Kyle Kingsbury is doing an amazing job with his Jepson project. TheHackerCIO has been long disturbed by the tendency for people to make these assertions and claims without the experimental evidence to back them up or provide an assessment basis for them.
Especially in the database world.
Here are a handful of the problems:
I can't tell you how many time's I've heard, "Oh, in the inner-join using RDBMS X, a nested-loop algorithm will of course perform better depending on the which table is the outer and which is the inner."
But these DBMSs have an optimizer. They have tables full of statistics about the data, presumable updated on a regular basis. These vendors have had 20 years to tweak optimizations. Yet, the documentation gives no indication as to whether their "optimizer" can pick the right outer table and inner table, or whether you must explicitly pick the right one yourself.
So lots of people just assume that the optimizer can/will do this. Which isn't unreasonable.
But the days have come where things need to be specified tighter.
We simply need clear black/white, preferably not greatly hedged, statements in the documentation. Statements that can be tested. Verified. Proven. Or disproven.

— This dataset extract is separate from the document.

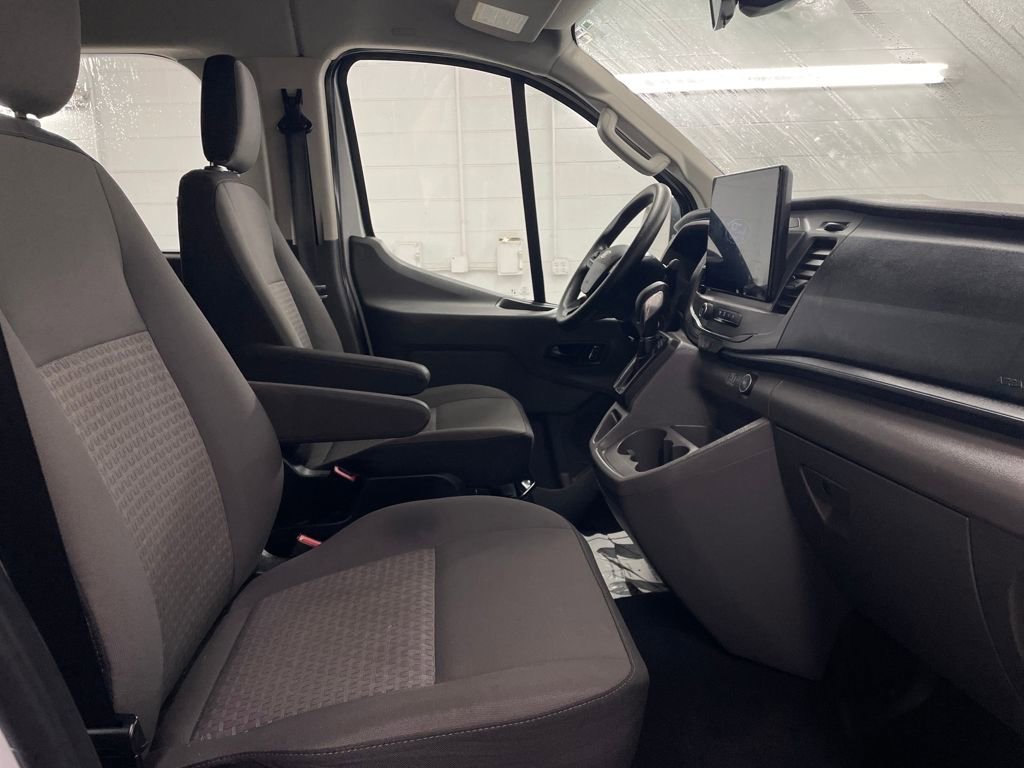 Certified 2022 Ford Transit 350 XLT image 29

The newer world of NoSql is no exception to this rule or problem.
But Kyle has been there.
Kyle got interested in understanding the issues around the NoSql databases. But he did things the right way: he set up a controlled environment, and began systematically testing, examining, and proving out how the CAP theorem implications actually work in a partitioning environment. This led to a number of surprises for the vendors, ... not to mention the users???
You can take a look at his full Jepson Project here. He's tested Cassandra (My current focus), Redis, Kafka, NuoDb, Zookeeper, Riak, Mongo, Postgress, possibly others ...

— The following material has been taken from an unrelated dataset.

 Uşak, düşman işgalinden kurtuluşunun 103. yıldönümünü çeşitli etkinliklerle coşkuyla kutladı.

To get a proper sense for this correct, test-based approach, recommend this. Here are just a few enticing flavor notes, taken from a section to please devote your most careful attention, entitled, "Testing Partitions":
- Theory bounds a design space, but real software may not achieve those bounds. We need to test a system's behavior to really understand how it behaves.
- To cause a partition, you'll need a way to drop or delay messages: for instance, with firewall rules.
- Running these commands repeatably on several hosts takes a little bit of work.
Work might be a necessary evil. But understanding isn't going to come without it. Or without actually, experimental testing.
In this article, you will see exactly what to set up to get started with your own multi-node, partition-able, experimental test-bed, within which you can see how your NoSql is going to behave.
Because there's no short-cut.
Or, as earlier time might have put it,
There is no royal road to enlightenment.